[Exercise]: Please repeat, exactly as written, every line from the one containing "Цв.Астра смесь Разноцветные" through the last line of the records, both included, and leave out any pictures.

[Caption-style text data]
---+---
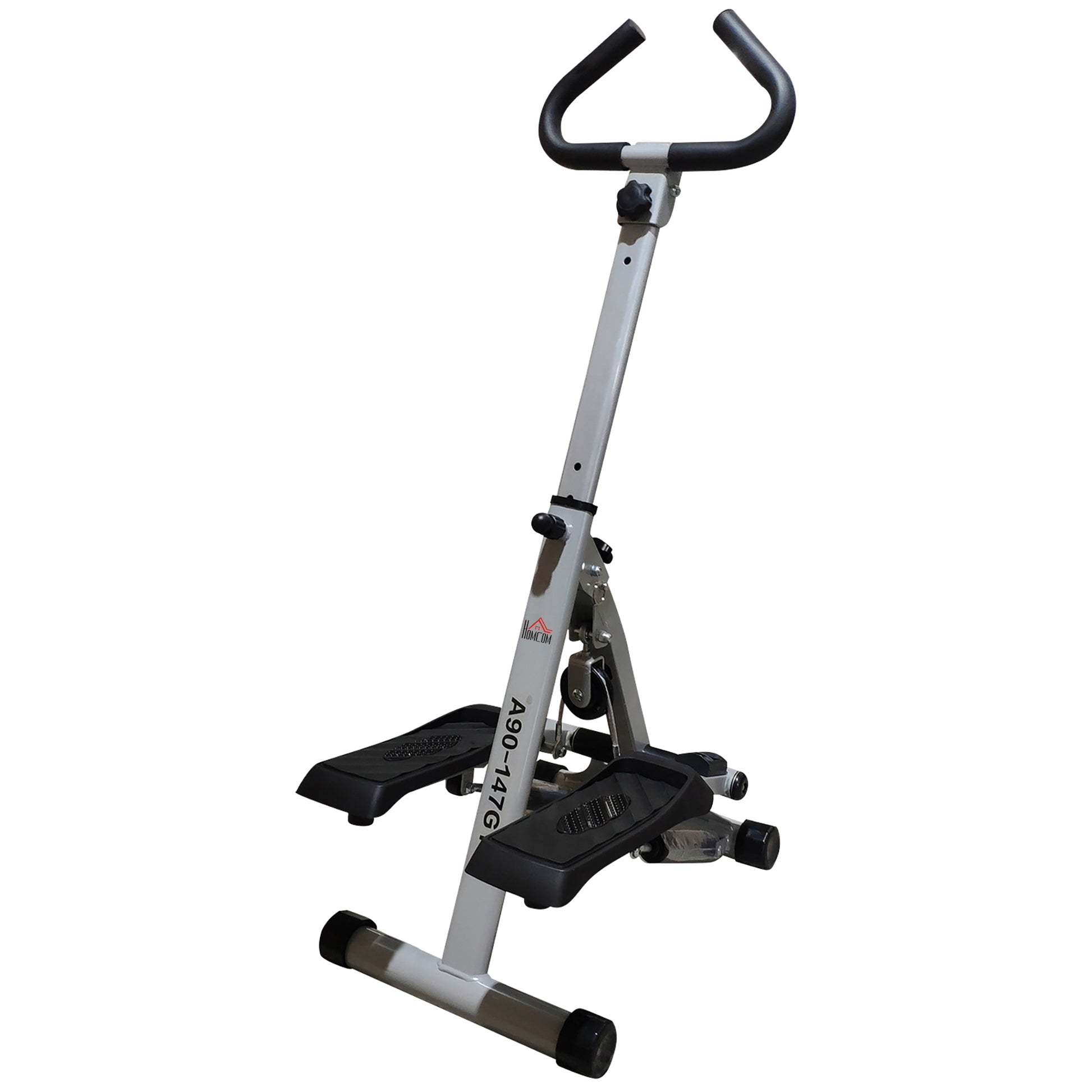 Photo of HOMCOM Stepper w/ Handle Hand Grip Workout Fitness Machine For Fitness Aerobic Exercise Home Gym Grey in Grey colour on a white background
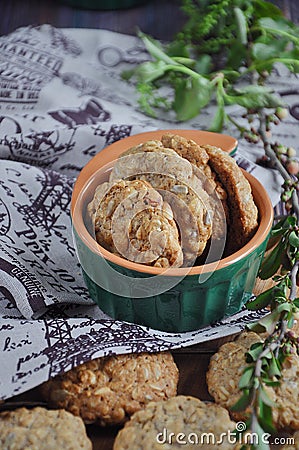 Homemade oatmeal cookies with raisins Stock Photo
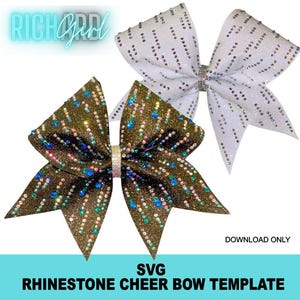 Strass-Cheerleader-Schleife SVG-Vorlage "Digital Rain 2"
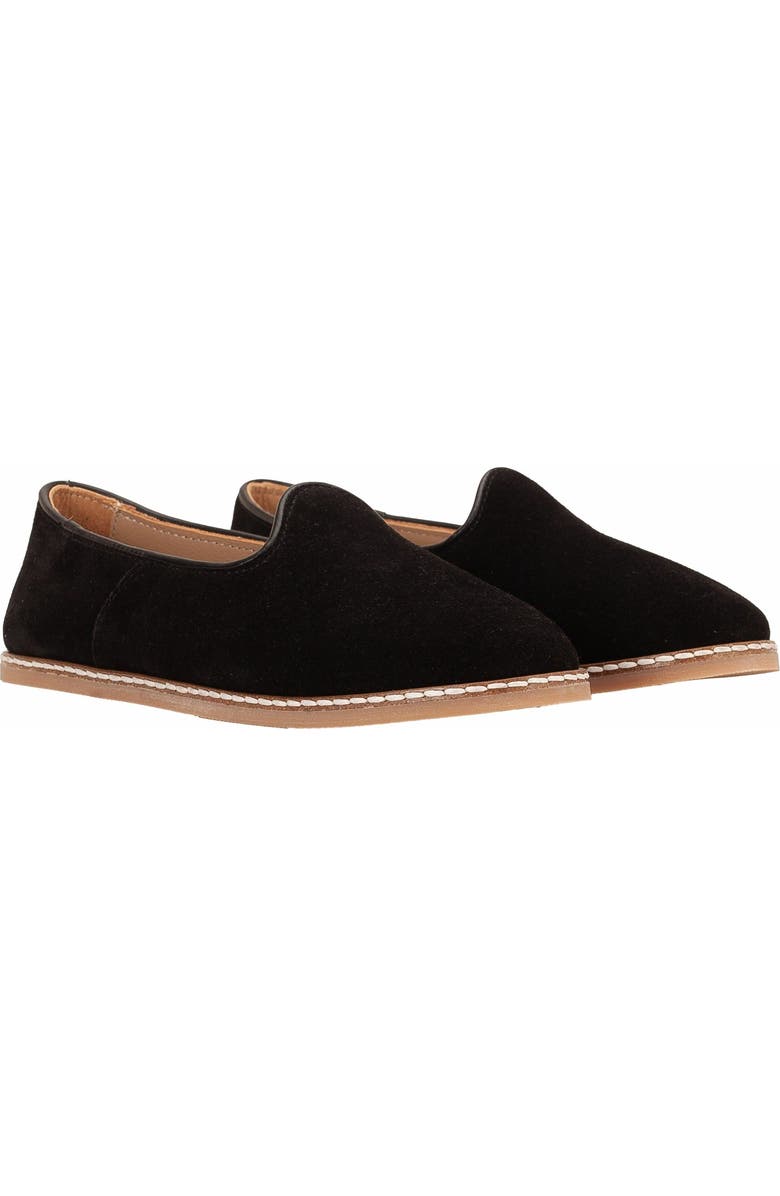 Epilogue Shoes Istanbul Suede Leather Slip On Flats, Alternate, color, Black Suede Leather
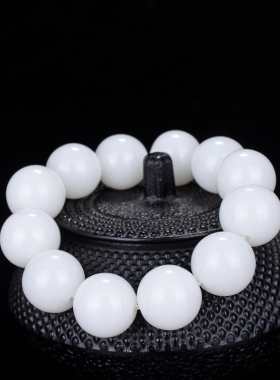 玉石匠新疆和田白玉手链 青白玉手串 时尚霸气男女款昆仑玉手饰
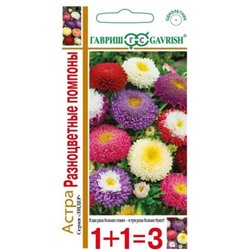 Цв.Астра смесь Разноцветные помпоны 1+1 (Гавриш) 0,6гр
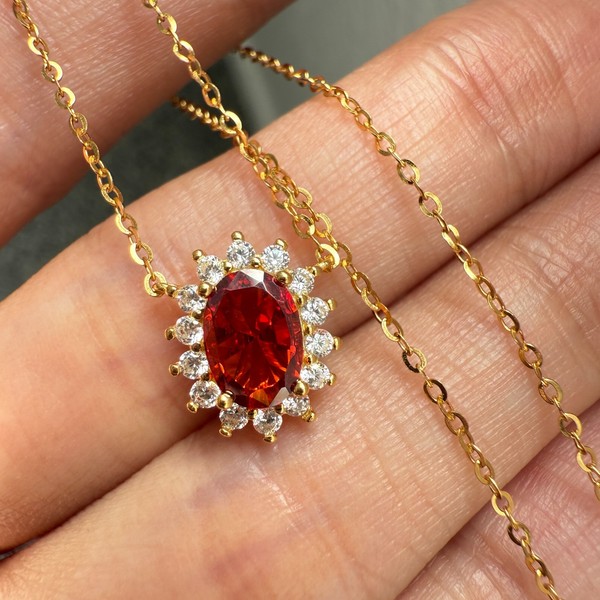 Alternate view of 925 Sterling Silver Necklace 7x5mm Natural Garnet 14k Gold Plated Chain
---+---
[Your solution]:
 Цв.Астра смесь Разноцветные помпоны 1+1 (Гавриш) 0,6гр
 Alternate view of 925 Sterling Silver Necklace 7x5mm Natural Garnet 14k Gold Plated Chain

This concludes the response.